BEGIN Records supplied

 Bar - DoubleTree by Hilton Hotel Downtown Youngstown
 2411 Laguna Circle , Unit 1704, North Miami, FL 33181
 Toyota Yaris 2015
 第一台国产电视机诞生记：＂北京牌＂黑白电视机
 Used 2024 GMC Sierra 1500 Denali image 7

END Records supplied
BEGIN Records supplied

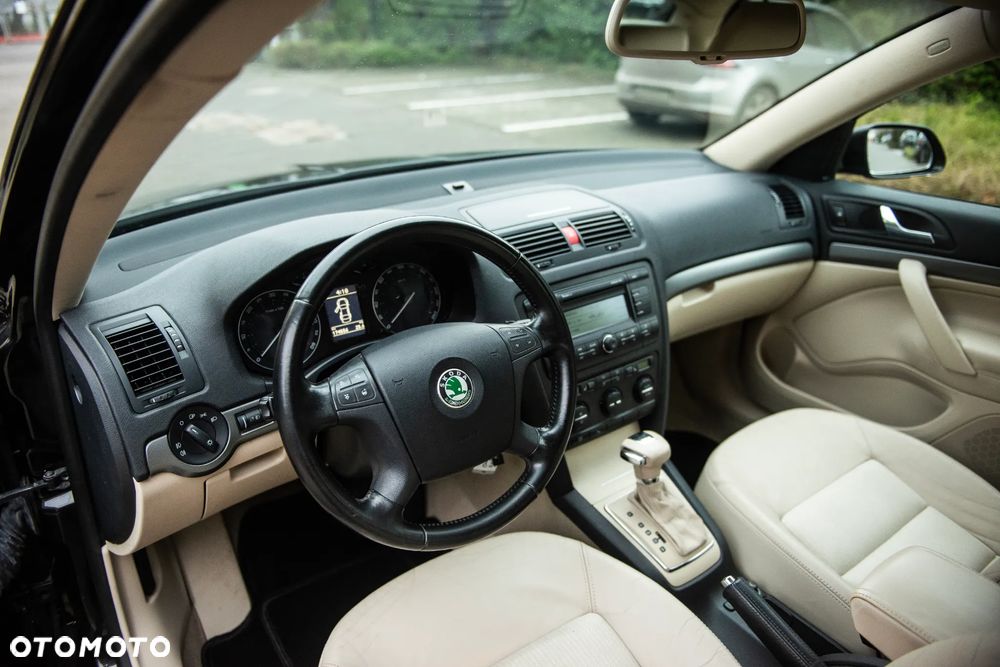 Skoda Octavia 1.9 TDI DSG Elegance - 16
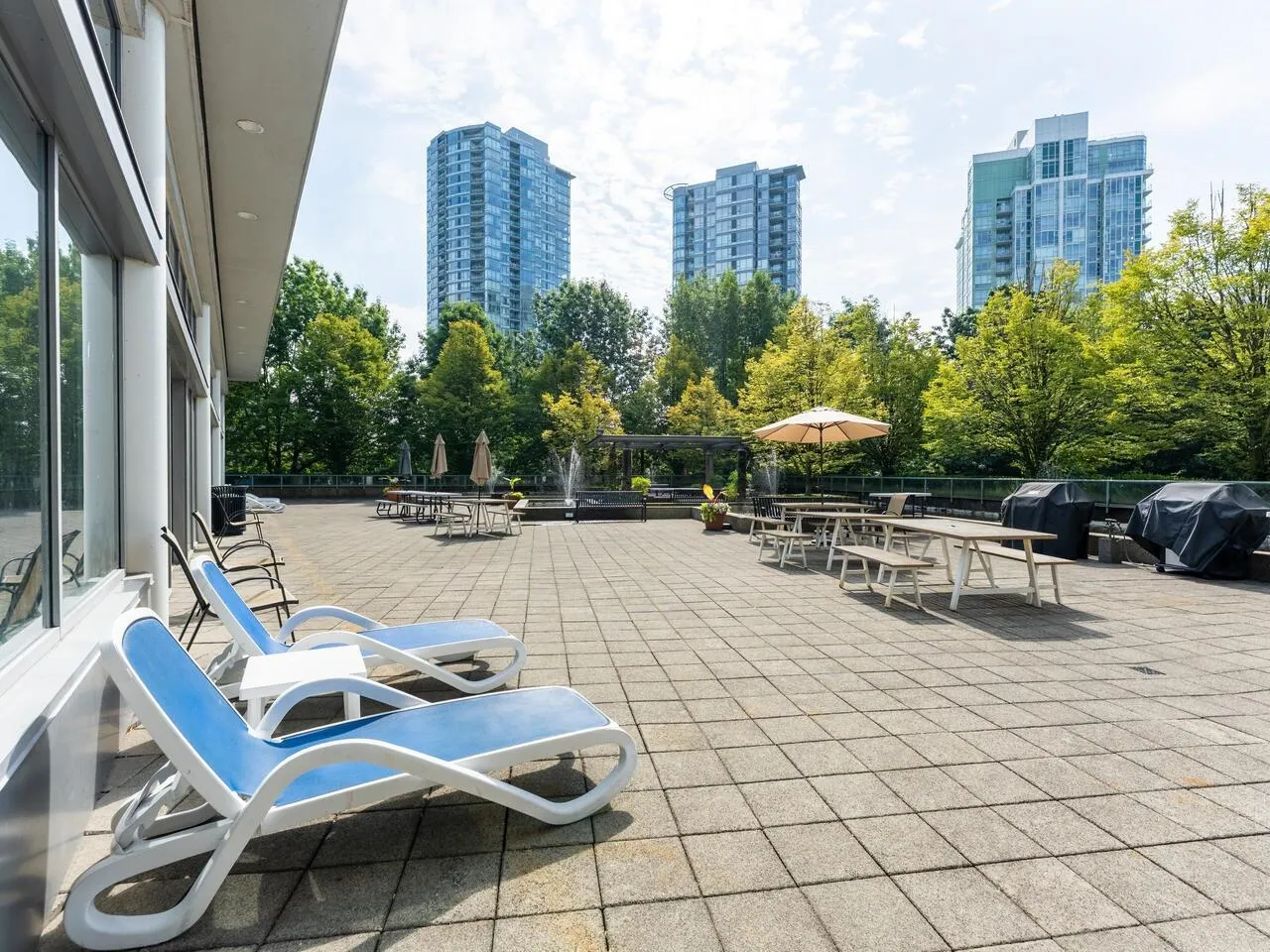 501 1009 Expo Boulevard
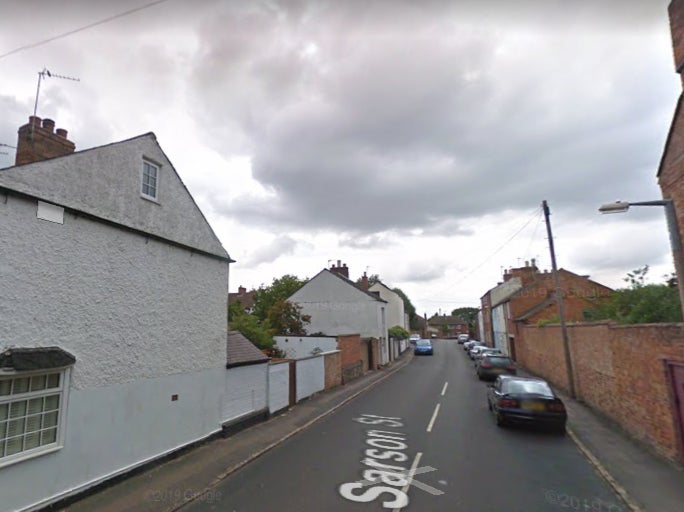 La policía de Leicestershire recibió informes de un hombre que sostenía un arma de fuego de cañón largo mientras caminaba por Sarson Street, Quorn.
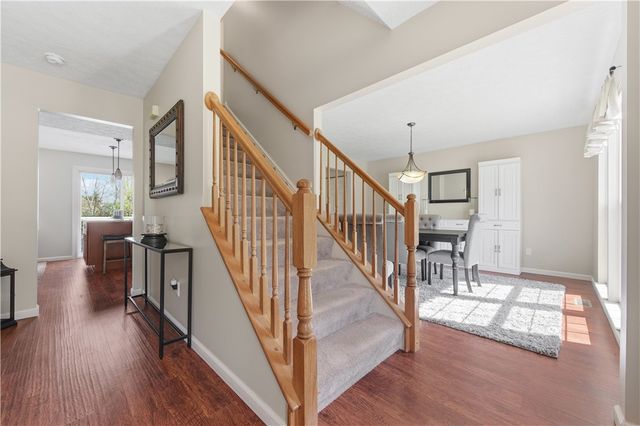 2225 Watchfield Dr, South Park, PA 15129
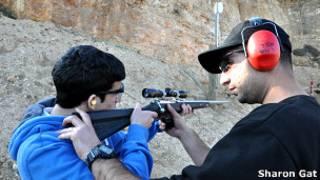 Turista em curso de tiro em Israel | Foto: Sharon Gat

END Records supplied
BEGIN Records supplied

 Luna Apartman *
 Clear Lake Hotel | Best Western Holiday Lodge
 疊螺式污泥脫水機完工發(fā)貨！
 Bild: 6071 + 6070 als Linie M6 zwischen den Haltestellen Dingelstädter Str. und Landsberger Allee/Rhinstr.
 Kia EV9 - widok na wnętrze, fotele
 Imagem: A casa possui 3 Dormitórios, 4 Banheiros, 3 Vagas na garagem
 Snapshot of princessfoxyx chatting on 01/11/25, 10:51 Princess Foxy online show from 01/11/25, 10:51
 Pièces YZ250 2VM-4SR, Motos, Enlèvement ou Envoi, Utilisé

END Records supplied

## What you need to do:
From the records above, extract the lines from the one holding "Skoda Octavia 1.9 TDI DSG Elegance - 16" through the one holding "Turista em curso", word for word; omit the pictures.

## Exercise result:
 Skoda Octavia 1.9 TDI DSG Elegance - 16
 501 1009 Expo Boulevard
 La policía de Leicestershire recibió informes de un hombre que sostenía un arma de fuego de cañón largo mientras caminaba por Sarson Street, Quorn.
 2225 Watchfield Dr, South Park, PA 15129
 Turista em curso de tiro em Israel | Foto: Sharon Gat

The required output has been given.